Missions Catholiques de Lyon - 1888

Héros trop oubliés de notre épopée coloniale 

II — FRANÇOIS BAUDICHON.

 

Groffier valérien - 1908 – pp.395-396

 

Lorsque les premiers prêtres français abordèrent aux Marquises, elles étaient encore libres et sauvages, et pourtant bien des navigateurs y avaient fait relâche. Elles avaient été découvertes et baptisées Marquesas[1] par l'Espagnol Mendana (1595) ; elles avaient été visitées par l'Anglais Cook (1774), par l'Américain Ingraham (1791), par le Russe Krugenstern (1804) et par bien d'autres, et ni l'Espagne, ni l'Angleterre, ni l'Amérique, ni la Russie, n'en avaient pris possession ; nul État civilisé n'avait arboré son drapeau sur ces îles pittoresques, zébrées de montagnes basaltiques aux formes capricieusement tourmentées, merveilleusement fertiles, dotées d'un climat rafraîchi par l'entour d'un Océan immense... mais peuplées de sauvages terriblement bien endentés. Ces sauvages étaient cannibales. Ils se tatouaient le corps et le visage de bandes d'un bleu sombre, faisant étrangement ressortir le blanc de leurs yeux et l'émail poli de leurs canines redoutables. Ce dernier détail sans doute donnait à réfléchir et décourageait les acquéreurs.

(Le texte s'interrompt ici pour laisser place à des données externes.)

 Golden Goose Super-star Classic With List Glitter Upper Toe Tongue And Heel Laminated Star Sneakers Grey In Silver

Quoi qu'il en soit, pour cette raison ou pour d'autres, les onze Marquises étaient encore terres vacantes et sans maîtres, lorsqu'en 1842, l'amiral Dupetit-Thouars, appelé à Tahiti, où des Français maltraités réclamaient son intervention, rencontra sur son chemin la montagneuse Tahouata. Il y descendit et, le 1er mai, frappant de son épée le sol de Vaïtahou, proclama tout l'archipel marquisien terre française.

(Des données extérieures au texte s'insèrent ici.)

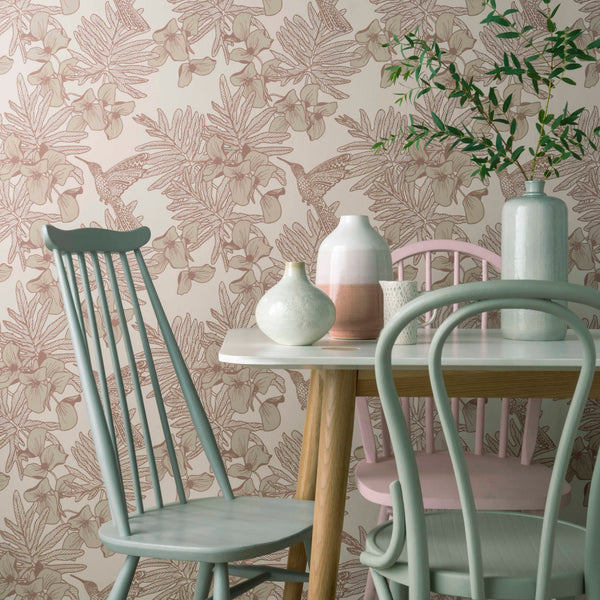 Hummingbird Beach - Pink Wallcovering | 1838 Wallcoverings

Les missionnaires des Sacrés-Cœurs n'avaient pas attendu cette solennelle annexion pour s'établir à Tahouata, à Ouapou et à Nouka-Hiva. Arrivés le 4 août 1838, ils étaient déjà parfaitement au courant des traditions, des usages et de la langue, et, pour les préliminaires de la prise de possession, leur concours avait été des plus utiles. François Baudichon, supérieur de la mission de Tahouata, avait servi d'interprète et décidé le roi Iotété et le grand chef Mahéono à apposer leur signature au bas du procès-verbal d'annexion. Ce fut encore lui qui aida l'amiral à planter le drapeau français sur les îles Ouapou et Nouka-Hiva, et qui, trois mois plus tard, se fit le pacifique médiateur entre la garnison française et les indigènes révoltés de Vaïtahou. Aussi, l'année suivante, recevait-il la croix de la Légion d'honneur.

En 1844, le Vicaire apostolique des missions marquisiennes et tahitiennes, l'évêque Étienne Rouchouze, ayant malheureusement trouvé la mort dans un naufrage, François Baudichon fut choisi pour le remplacer.

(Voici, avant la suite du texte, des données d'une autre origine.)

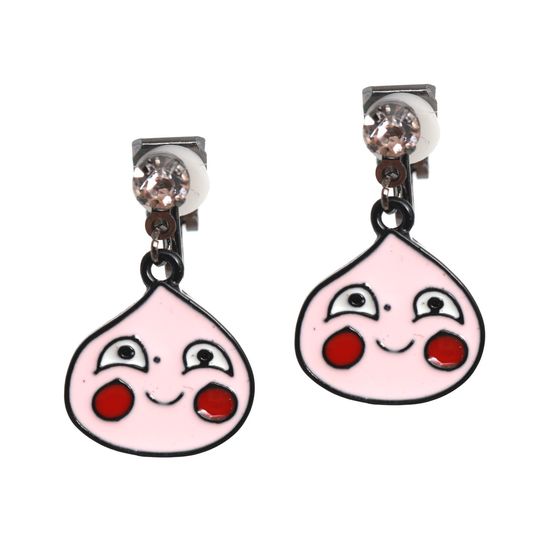 Pink Smiling Drop Clip On Earrings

Peu de temps après son sacre, se produisit un fait que nous citerons pour montrer quelle influence il exerçait sur les sauvages peuplades de l'archipel. Les gens de Tahouata ayant chassé leur roi, dont ils étaient mécontents, le nommèrent à sa place, par acclamation. Il fit semblant de prendre la chose au sérieux et il profita de l'autorité qu'on venait de lui conférer pour établir de bons chefs à la tête de chaque tribu... Puis il abdiqua.

Le précoce épuisement de sa santé devait, d'ailleurs, le contraindre bientôt à renoncer à la vie active des missions. Revenu, en 1854, dans sa Touraine natale, il s'est éteint doucement, en août 1882, près du tombeau de saint Martin.



[1] En l'honneur de son protecteur le marquis de Mendoza, vice-roi du Pérou, qui l'avait envoyé dans ces parages.